There’s a great lesson in today’s gospel. We may need to dig deep for the total honesty needed to admit how we would feel in the situation, even if the feeling was just a twinge. If that were the case we would know that we were at least on the right path. It’s one of those lessons that we need to really encounter – not just to read about – in order to know for sure how we would feel, but even speculating on it begins the process of self-scrutiny.
The story is the parable of the workers in the vineyard, where some were hired in the early morning and worked all day. Some found work only for the last work-hour before quitting time. When it was time to collect wages at the end of the day and those who had worked all day got the same amount of money that those who worked just one hour were paid, there was lots of consternation and grumbling because the first people who got their pay were the last hired and they got the agreed upon wage. The natural conclusion would have been that those who had worked all day would get more…Not so! They got the agreed-upon wage.
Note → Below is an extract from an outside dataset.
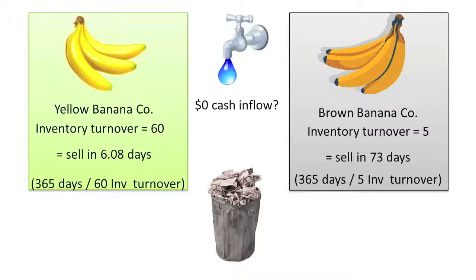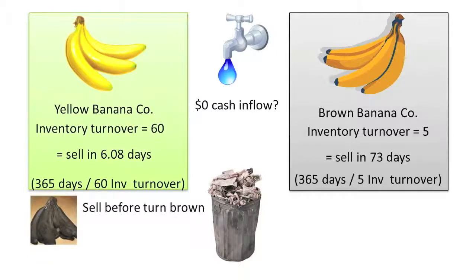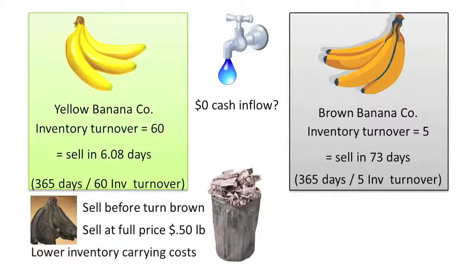Per the computations above, Brown Bananaco needs 73 days to sell its bananas whereas Yellow Bananaco only needs 6 days to sell its bananas. Yellow's shorter days sales of inventory indicates that its management is able to more quickly get its bananas sold to customers. By selling its inventory more quickly compared to Brown, Yellow will probably be more able to sell its bananas before they turn brown, sell its bananas at full price, lower its inventory carrying costs, and increase liquidity to pay off current liabilities when they come due.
How would you feel if you had toiled all day in the sun picking grapes and expected a bonus because you knew that those who had been hired last got what you had agreed upon in the morning? We could argue that the actions of the vineyard owner were not “fair” but would lose the argument if we had already known and agreed on the amount coming to us.
Think about it this way however. What if you had a family and were standing around in the hot sun all day begging God to let someone hire you so you could buy food for tomorrow for your children? Or what if you had looked and looked for work and this was the only job available and just for an hour? Does that help?
How ever we look at it, we ought to ask ourselves the question that the owner of the vineyard asked the discontented workers: Are you envious because I am generous? And don’t just theorize…Dig deep for how you would feel. Then consider how blessed we are to have a generous God who knows what is best for us to help us grow into our best selves.